Color Organs

2 The Improvement of Color Organs as a Result of Technical Innovations in the Nineteenth Century

The color organs of the nineteenth century are characterized less by aesthetic than by technological progress: candles were replaced by brighter lamps. As early as 1789, Erasmus Darwin suggested using Argand lamps (advanced oil lamps) as an improvement on Guyot’s Musique oculaire.[3] Bulbs with carbon filaments appeared after 1840. Electrical contactsreplaced the mechanical coupling of the keys with lamps — in 1893, William Schooling spoke of an “electrical color-organ.” For those instruments that linked individual notes with individual colors, the color-tone analogy was in most cases the same as in Krüger’s 1743 color harpsichord.
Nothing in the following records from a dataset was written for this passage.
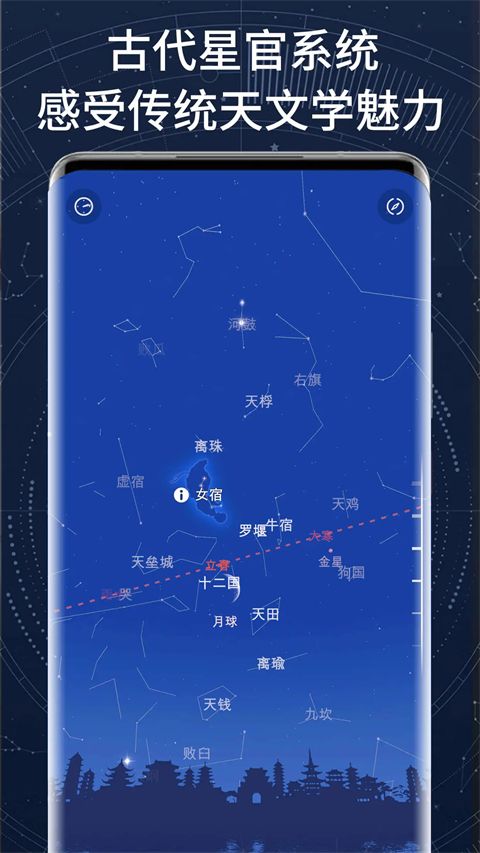 AR星座app手机赚钱软件截图5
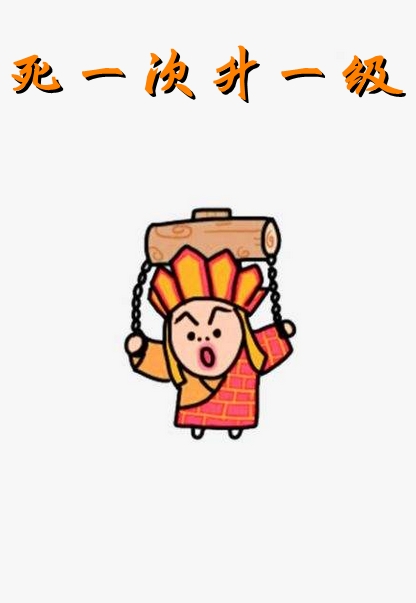 死一次升一级-by番茄煎西红柿-全本小说大结局阅读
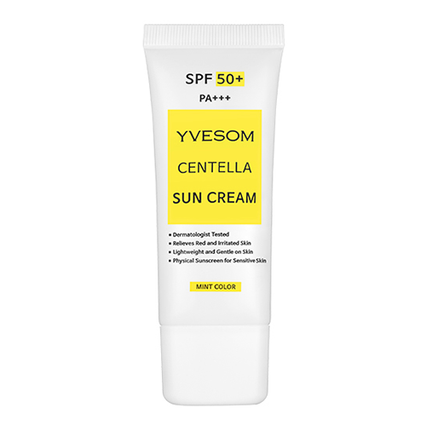 센텔라 선크림 [SPF50+/PA+++]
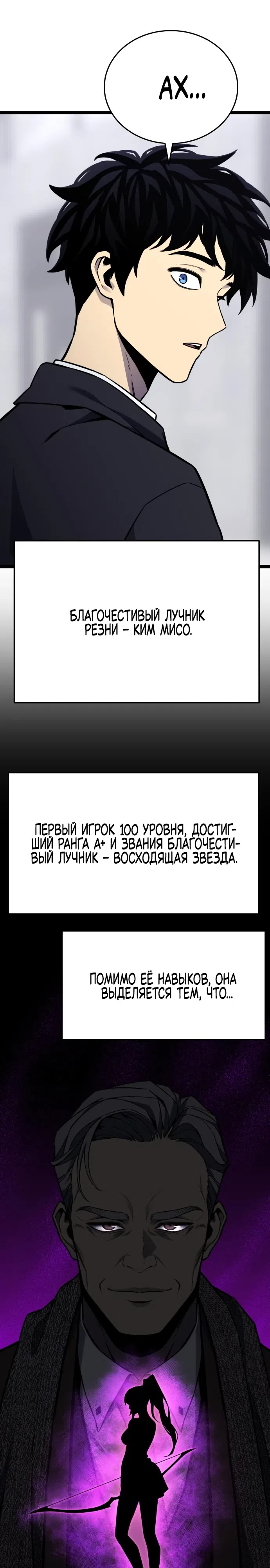 Страница 30 главы 8 манги Игрок поедающий артефакты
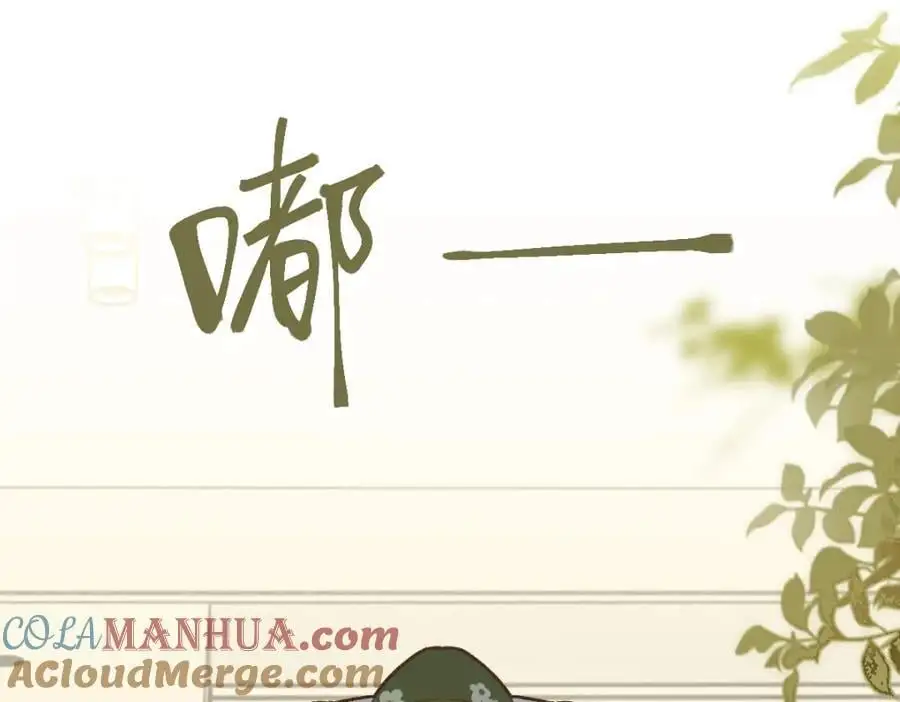 第218话 最后一命12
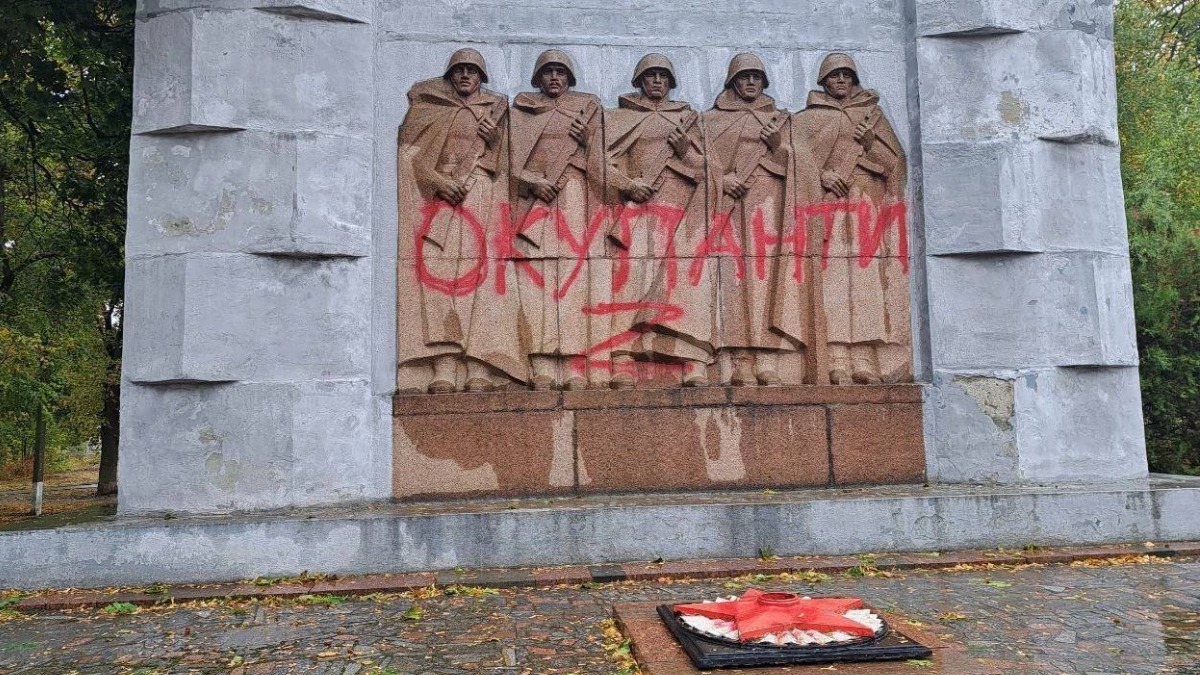 Вандалы осквернили памятник советским солдатам в украинской Карловке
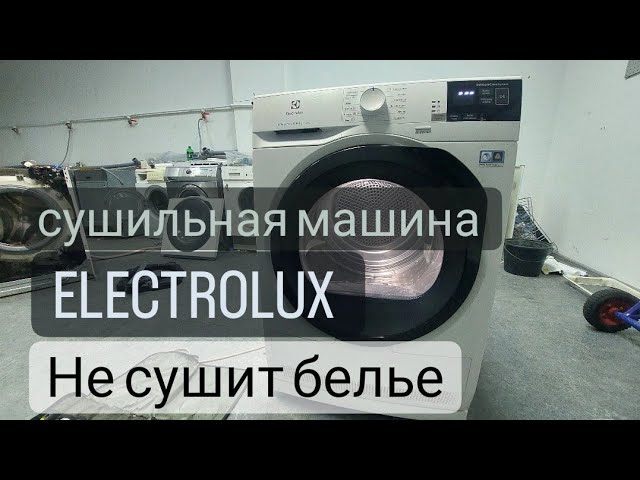 сушильная машина Electrolux не сушит бельё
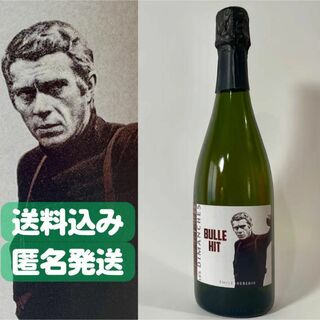 【スティーブ・マックイーン】ビュルヒット 2020 (スパークリングワイン)(シャンパン/スパークリングワイン)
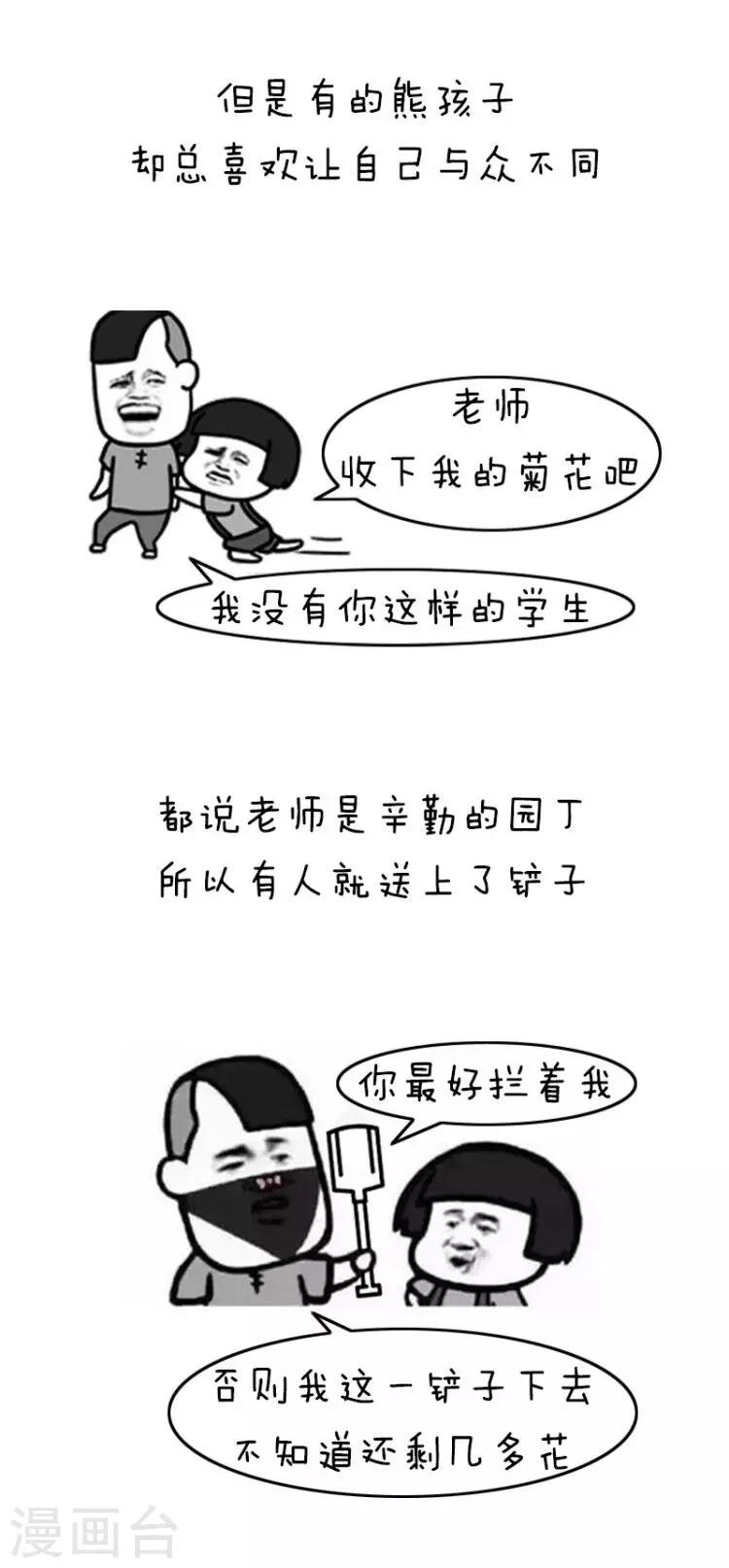 第175话 表情包丨教师节奇葩礼物-第176话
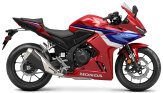 New 2026 Honda CBR500R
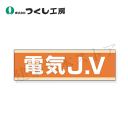 つくし工房 897-E 保護帽用ステッカー 電気JV 30×100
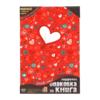Hearts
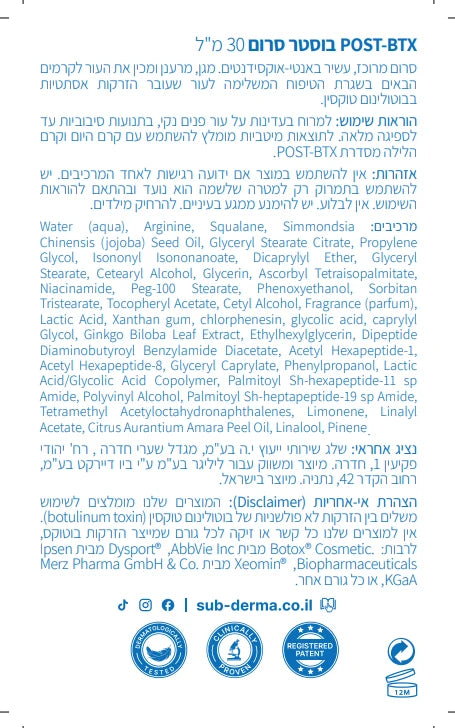 step 01 | בוסטר סרום BTX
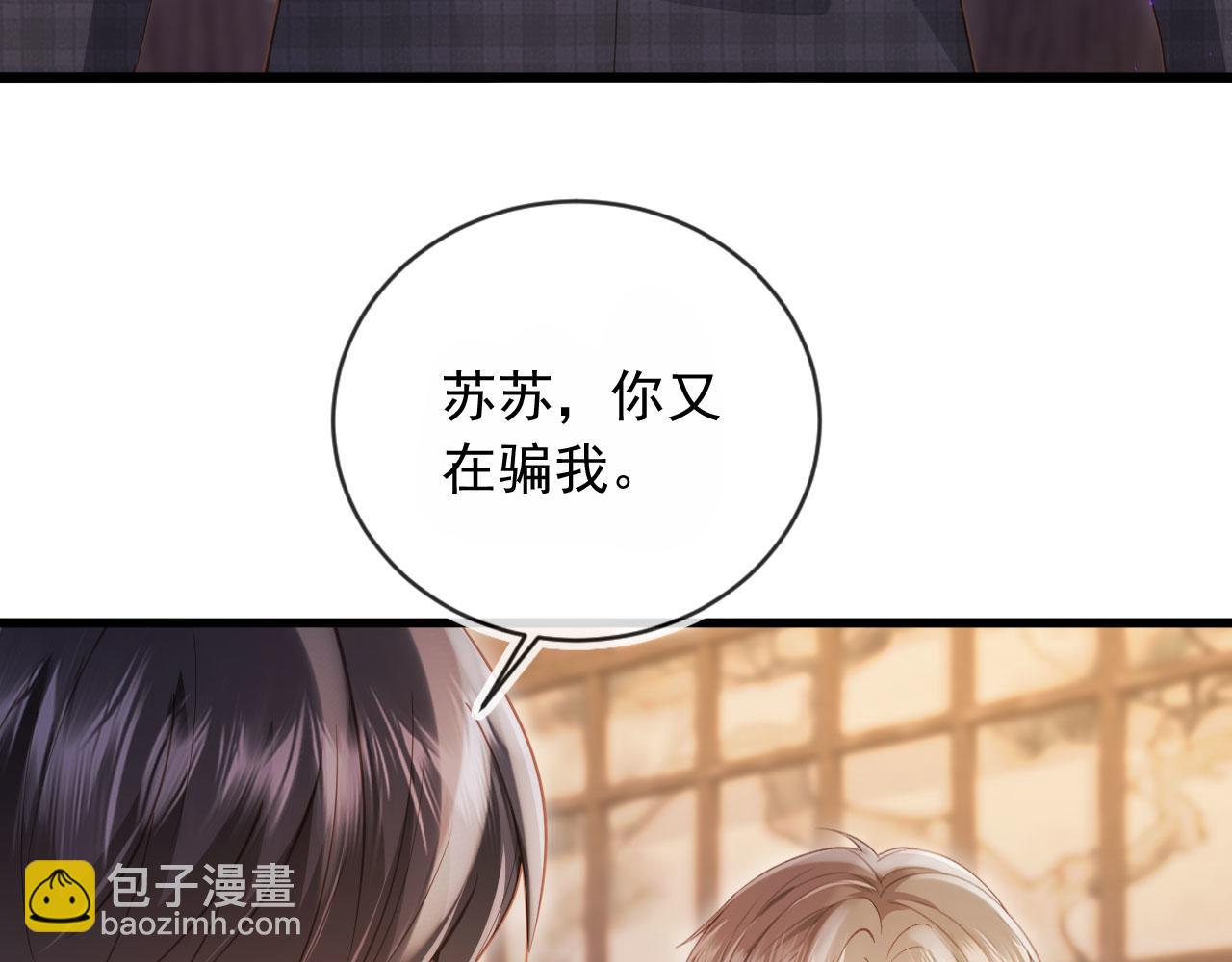 第92话 别动我的人(1/2)-第97话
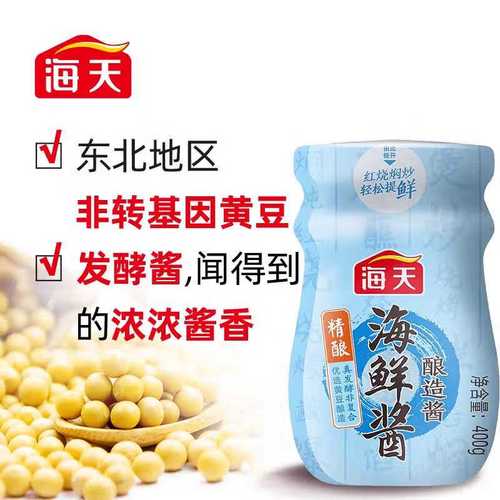 海鲜酱怎么做?-图3 海鲜酱怎么做?-图3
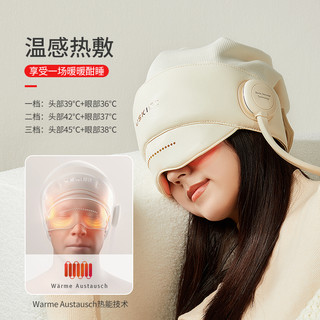 R1睡眠仪 素雅杏白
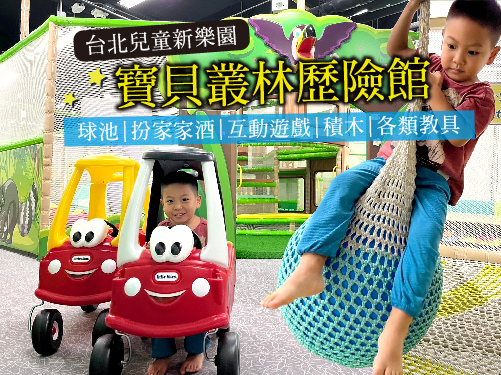 版型_工作區域 1.jpg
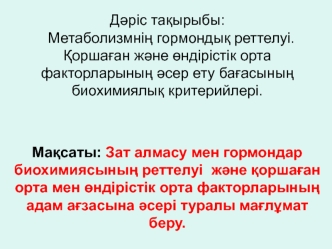 Метаболизмнің гормондық реттелуі. Қоршаған және өндірістік орта факторларының әсер ету бағасының биохимиялық критерийлері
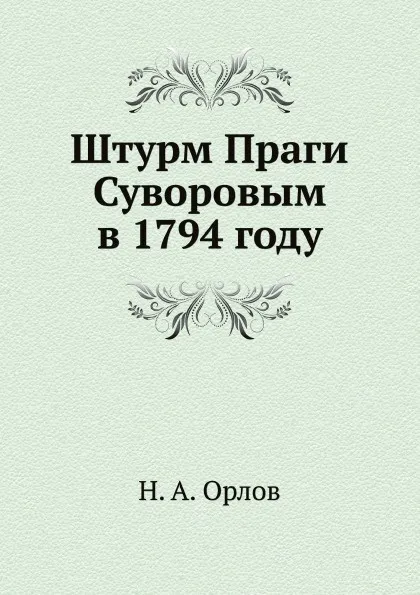 Обложка книги Штурм Праги Суворовым в 1794 году, Н. А. Орлов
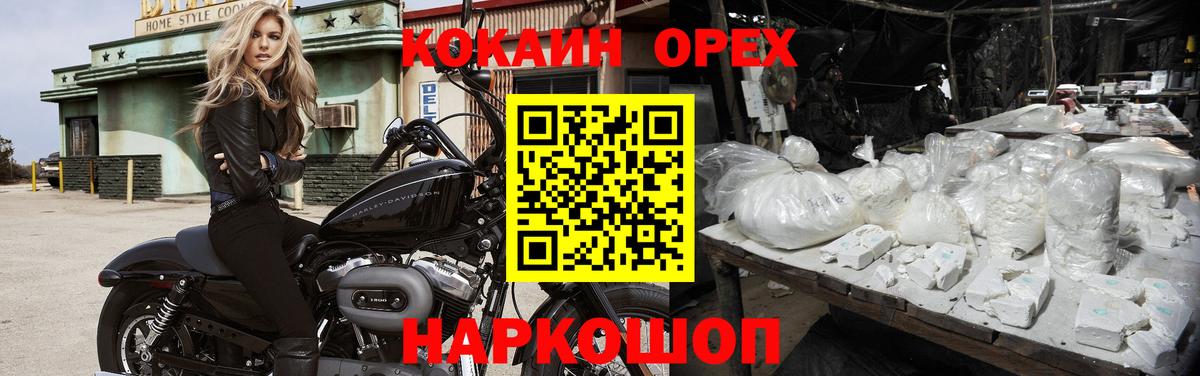 Кокаин Колумбийский  COCAIN Боливия  Барнаул  Вход с VPN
In addition, models were developed to demonstrate color harmonies, such as, for instance, D. D. Jameson’s apparatus for colorific exhibition and W. F. Philippy’s Farben-Instrument, but also instruments that alternatively enabled the simultaneous perception of sounds and colors like Bainbridge Bishop’s Color Organ. A new development was the gradual dissociation from concrete models of analogy toward the increasingly prevalent idea of free color play (mobile color) as an art form, which was pursued by Alexander Wallace Rimington (Color-Organ) and simultaneously by William Schooling as well as H. Beau and Bertrand-Taillet (piano-like device for switching on and off electric light fixtures). Fréderic Kastner’s Pyrophone occupies a special place — it was also not based on a concrete analogy, but on the physical phenomenon of singing flames.